Just some thoughts on how to get your "root monster" to bloom!!
First of all, your phal looks VERY healthy, so that's good! But it looks like it needs to be repotted to me. (I say this knowing everyone has different ideas about when to repot, but I've generally found my phals to be happiest when most of the roots are contained). I see that you've got the plant secured so it doesn't fall over, and if you put it in a bigger pot it will feel more secure, and you won't need to tie it down. So that's the first thing I would do if I were you.
The next thing I would do is adjust the fertilizer. Have you been fertilizing with a typical orchid fertilizer? If so, they're generally high in nitrogen, which encourages foliage growth, but not flower formation. If you have been regularly fertilizing with a high-nitrogen formula, you may be shooting yourself in the foot, because you're basically telling the plant to grow, grow, grow more leaves! LOL That's great for plants that need to build up new growths before they'll bloom again (like paphs), because it will help those leaves grow in faster and therefore lessen the time to blooming, but phals don't need to grow lots more leaves before blooming again.
You can switch to a "blossom booster" formula if you like, or you can take a break from fertilizing altogether. If you've been fertilizing regularly for quite some time, it might help your plant to have a rest period so it can save up its energy for flower production.
This is how I generally get my phals to rebloom:
When the spike dies all the way down, I chop it off at the base of the plant, then I move the plant into a lower-light setting for about a month. During this time I don't really fertilize, and I water a little less. This gives the plant a rest. Then, after about a month, I'll move the plant back to a higher-light setting, water more frequently, and fertilize. After a few weeks, the increased light and water usually triggers the plant to throw out a spike.

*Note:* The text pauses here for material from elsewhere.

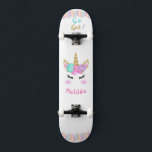 Unicorn Skateboard for Girl<br><div class="desc">Gör den här lilla Unicorn Skateboard till din egen genom att lägga till din text. Om du vill komma åt avancerad redigering av verktyg på Zazzle går du till "Anpassa den här mallen" och klickar på "Detaljer", rulla ner och tryck på länken "klicka för att anpassa ytterligare". Underbar presentidé för...</div>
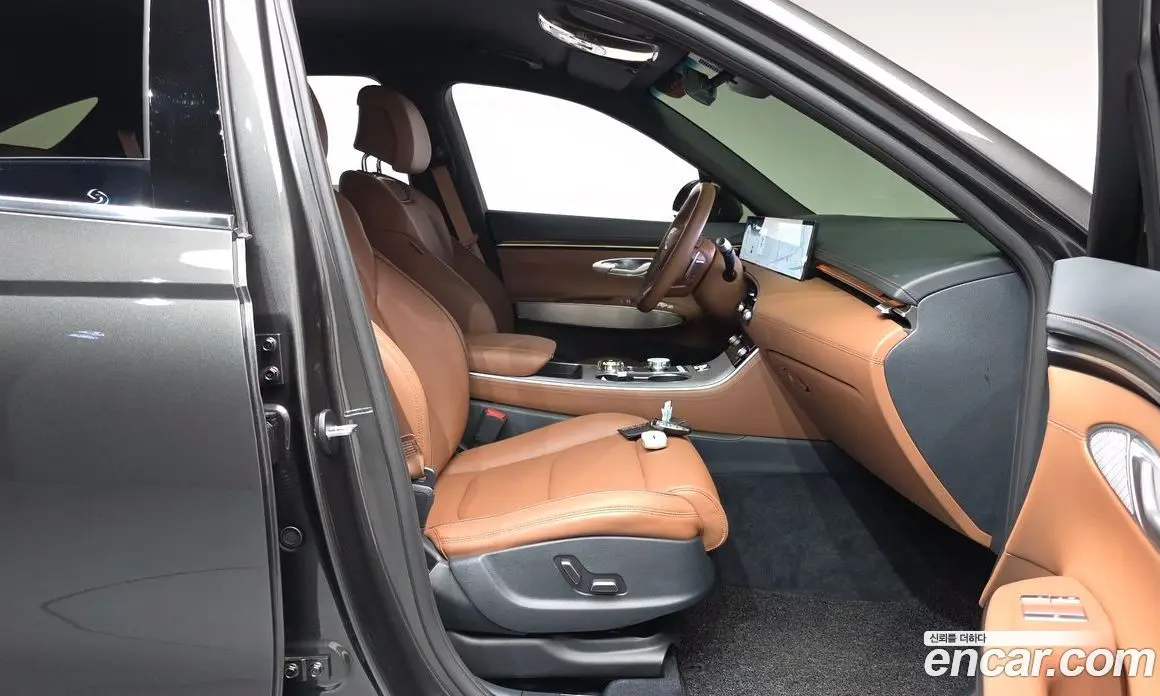 Genesis GV70 2025 2.5 автомат (гидро), фото 15 Genesis GV70 2025 2.5 автомат (гидро), фото 15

It seems like you've already moved the plant to a lower-light environment, right? Then you noticed the leaves were growing in darker, so you moved it back? This is exactly what I do to encourage spiking, so I would leave the orchid in the higher light and lay off the high-nitrogen fertilizer. A blossom-boosting formula with less nitrogen would probably help.

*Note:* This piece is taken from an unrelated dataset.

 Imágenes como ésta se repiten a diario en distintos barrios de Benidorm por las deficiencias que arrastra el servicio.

Lastly...don't lose hope! I don't think you've been doing anything wrong...I've just found that sometimes phals need a little "kick-start" to get them to spike after a period of leaf-growing or root-building (which it looks like yours has been quite busy doing! LOL)

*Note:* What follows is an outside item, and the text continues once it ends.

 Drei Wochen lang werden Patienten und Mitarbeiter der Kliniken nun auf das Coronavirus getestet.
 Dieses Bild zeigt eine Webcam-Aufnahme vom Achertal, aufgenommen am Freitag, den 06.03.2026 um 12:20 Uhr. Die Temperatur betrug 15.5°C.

And don't despair about that spike. The very first time I rebloomed an orchid, it was quite by accident...the plant had gotten knocked over and the spike had snapped. Wouldn't you know...within a few weeks it grew a whole new spike from the node right below the break. Then it bloomed! I was amazed...that was how I learned where to cut the spikes when the flowers fall off!
Good luck, and make sure to share pictures of those pretty blooms when they finally arrive!